News From Vermont's Senate Delegation: Reaction of Vermont Senators Patrick Leahy and Jim Jeffords To "Coalition for Fair Milk Prices" Analysis Of Regional Dairy Compacts
June 8, 1998
Comment by Senator Leahy:
"These baseless attacks on the Northeast England Dairy Compact by special interests awash in money are becoming increasingly shrill. Dairy processors and their consumer front groups no longer even try to hide their incestuous and mutually profitable relationship. If you believe that these groups care about consumers, we have a bridge we want to sell you.
"The `coalition' should be ashamed of the voodoo analysis and tortured assumptions found in their reports. When objective analysts have examined the Northeast Dairy Compact, they have found that it is maintaining the supply of fresh milk to consumers, it is giving farmers a fairer return, and it is ensuring that Northeast has an ongoing, stable source of milk production. The Compact is doing what it was supposed to do."
Comment by Senator Jeffords:
"The International Dairy Foods Association misinformation campaign against the dairy compacts has sunk to a new low. Its gloom and doom predictions regarding the implementation of the Northeast Dairy Compact haven't come true, and the anticompact coalition is running scared. IDFA's actions only prove that they have neither the best interest of the consumer or farmer in mind."

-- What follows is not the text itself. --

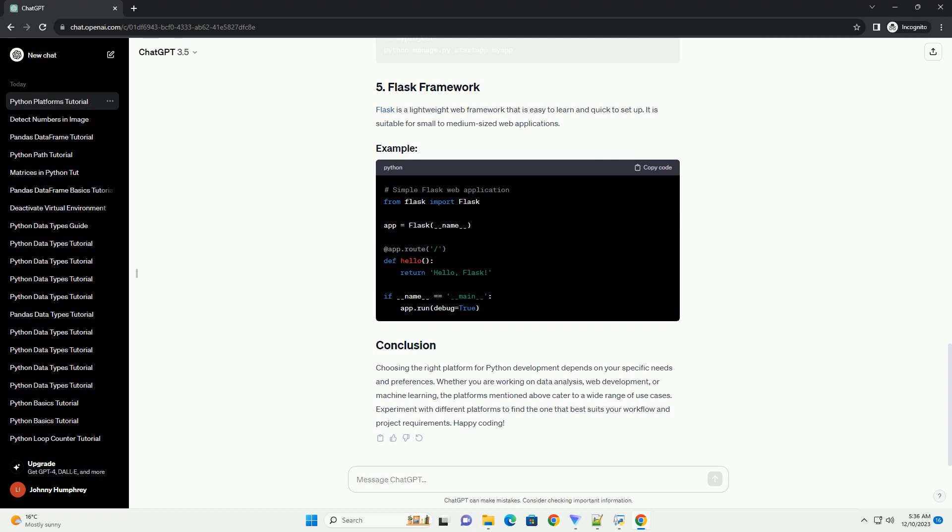Jupyter Notebooks provide an interactive computing environment for Python that is widely used in data science and machine learning. They allow you to create and share documents containing live code, equations, visualizations, and narrative text. Anaconda is a distribution of Python and R for scientific computing, aiming to simplify package management and deployment. It comes with a package manager, environment manager, and various pre-installed libraries for data science and machine learning.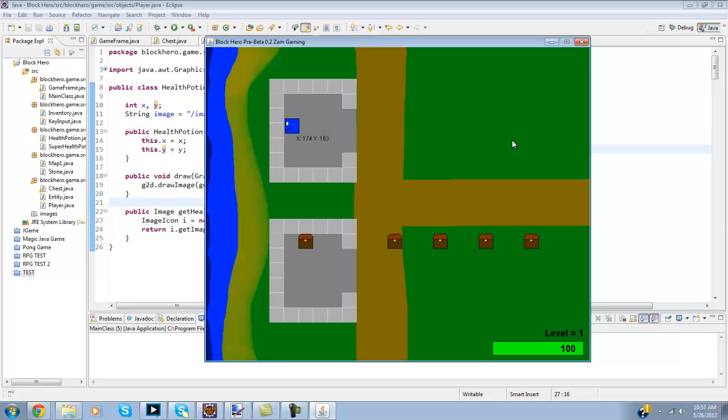And I also fixed the collisions, so if you remember my last video you could go in the corner here and it would warp you through the wall. Well that doesn't work anymore.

The Vermont lawmakers cited a February '98 report by the federal Office of Management and Budget (OMB) which showed that:
- consumer prices for milk after the first six months under the compact on average were 5 cents per gallon lower not higher than retail store prices in the rest of the nation (even though the agency sampled only six stores in two cities, where they knew large chain stores had raised prices);
- OMB could find absolutely no adverse affects for farmers outside the region; in fact, the report notes that some farmers outside the region did better under the compact by selling their milk into the region;
- the compact helped dairy producers by boosting their income about 6 percent, based on blend prices;
- the compact has not added to federal costs in nutrition programs as compared to other regions.